Mold, mildew, fungus and other toxic organisms commonly occur in areas that show evidence of, or have the potential for, leaking, moisture intrusion and/or inadequate ventilation. Any area or item exhibiting such conditions can be a health hazard to some people.

I recommend that information from the following sources be reviewed prior to spending any money on mold testing. You may want to identify and review other sources of information.

The EPA web site at
provides a document titled "“A Brief Guide to Mold, Moisture, and Your Home”

The CDC website at:

Various articles on the Building Science Corporation web site at:
Click on the link “Learn More about Mold”.

The New York City Department of Health Web Site at:
Use the search function for mold.

Who says I don’t…?..I can tell someone that mold needs to be removed until I am blue in the face, but many times they want to know what type of mold it is…can we agree that if the mold was “stackee” or Black Mold that a client might want to know that…what they do with it is their choice after that.

It is my understanding that not all molds will cause physical effects or certain conditions…while some simply cause effects to the structure…either way they are as I stated refered to in the report…and again testing is the clients choice…if I see microbial growth i explain what it possibly could be coming from and the importance of that being resolved…and most obvioulsly that the microbial growth should be removed…provided it is microbial growth…since I am not a LAB…I will not make that final call except to state it appears to be Microbial Growth…the only way to 100% be determined in MY mind is sampling…but AGAIN…thats the clients choice.

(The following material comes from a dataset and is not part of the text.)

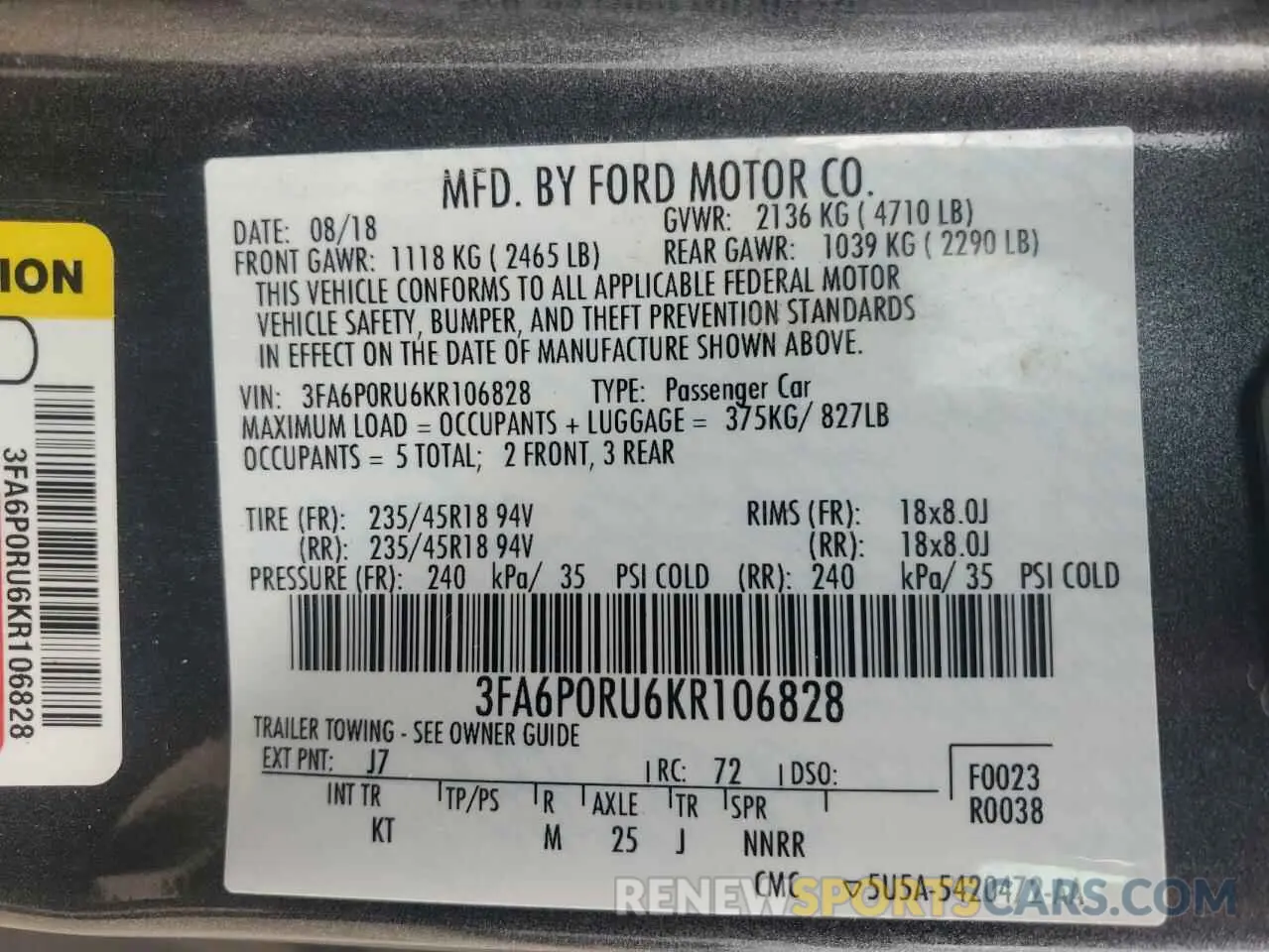 12 fotografías del automóvil dañado 3FA6P0RU6KR106828 FORD FUSION 2019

Paul I have considered offering tests on the electricity supplied to the house, you know, hydro, coal, nuclear (Nukulaar) gas, etc. It is my understanding that while not all EMF’s effects everyone, some EMF’s , (depending on the generating source mind you), effect some people.

I believe I will offer an EMI accreditation, which in the near future will change $$$, but for you my friend, a couple of Krugerrands to my PO BOX and your in.:smiley: :smiley: :smiley:

Wait till you see the EMI 8-Balls and Dowsers used in testing.:wink:

Mold can aggravate pre existing health problems, such as asthma, in humans. They would probably like to know if their future home has a “mold problem” which could make their lives miserable. There are individuals in the field of Home Inspection who offer mold sampling when they come across “suspicious microbial organic growth”. The lab makes the confirmation if it is mold and they are insured for $ 1,000,000 per sample. So I would gladly offer mold sampling services if it would benefit my client. (and me)

lol…man you kill me…I do have EMF concerns…lol…but I wont go into that…I can only talk about them on the 4th tuesday of the 3rd month of the year of the DOG.